Belum jelas apakah Surabaya pernah menjadi sebuah kerajaan atau tidak, karena data sejarah yang terungkap bahwa Surabaya dipimpin oleh Seorang Adipati yang bernama Jayeng reno.
Meski demikian ada sejumlah tetenger atau pertanda yang mirip-mirip keraton. Tempat-tempat itu dikluster sebagai tempat tinggal keluarga dan perangkat pemerintahan. Saat ini, kluster-kluster itu banyak dijadikan nama jalan di Surabaya.
Dihimpun dari berbagai sumber, di sebelah timur ada tempat yang bernama Tambak Bayan. Bayan adalah petugas penjaga keamanan. Kawasan tersebut masuk pada Kecamatan Bubutan.
Sementara nama Bubutan berasal dari kata Butotan yang artinya Pintu Gerbang. Di Surabaya ada nama Jalan Bubutan. Kemungkinan tempat ini adalah pintu gerbang keraton Surabaya dari arah Utara dan barat.
Pintu lain Keraton Surabaya bagian timur kemungkinan berada seberang Kalimas yakni Lawang Sekateng.
Kluster berikutnya di sebelah selatan terdapat Kampung bernama Maspati (Mas-patih). Tempat ini kemungkinan sebagai tempat tinggal patih sebagai petugas keraton adipati. Ada juga Kampung Praban. Tempat ini kemungkinan menjadi tempat tinggal raja, adipati, atau Prabu karena kata Praban dipercaya berasal dari kara Prabuan.
Ada juga Kampung di Surabaya yang bernama Kranggan. Tempat ini kemungkinan tempat tinggal para Ronggo atau ahli pembuat keris dan senjata berkekuatan magis.

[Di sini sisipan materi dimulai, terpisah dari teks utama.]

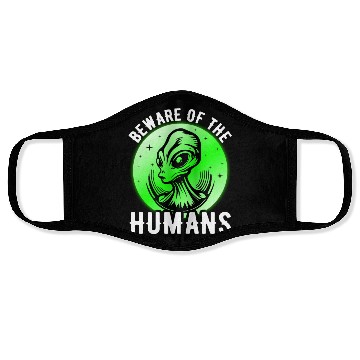 Discover Alien, Aliens, UFO, UAP, Space Unknown Flight Face Masks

Krangggan dari kata Kronggoan.
Ada juga Kampung bernama Pawiyatan. Tempat ini diduga sebagai tempat tinggal para guru atau penyempurna yang berasal dari kata Wiyata.
Menurut Buku Riwayat Surabaya, ada beberapa nama kampung yang hilang, seperti Kampung Panayatan, kawasan tempat tinggal Pejabat dan anggota Dewan Kerajaan (Penasihat raja atau Adipati). Kemudian yang hilang juga ada kampung Ngabla atau juru bicara keraton dan Kampung Kademangan dan kampung Karadenan.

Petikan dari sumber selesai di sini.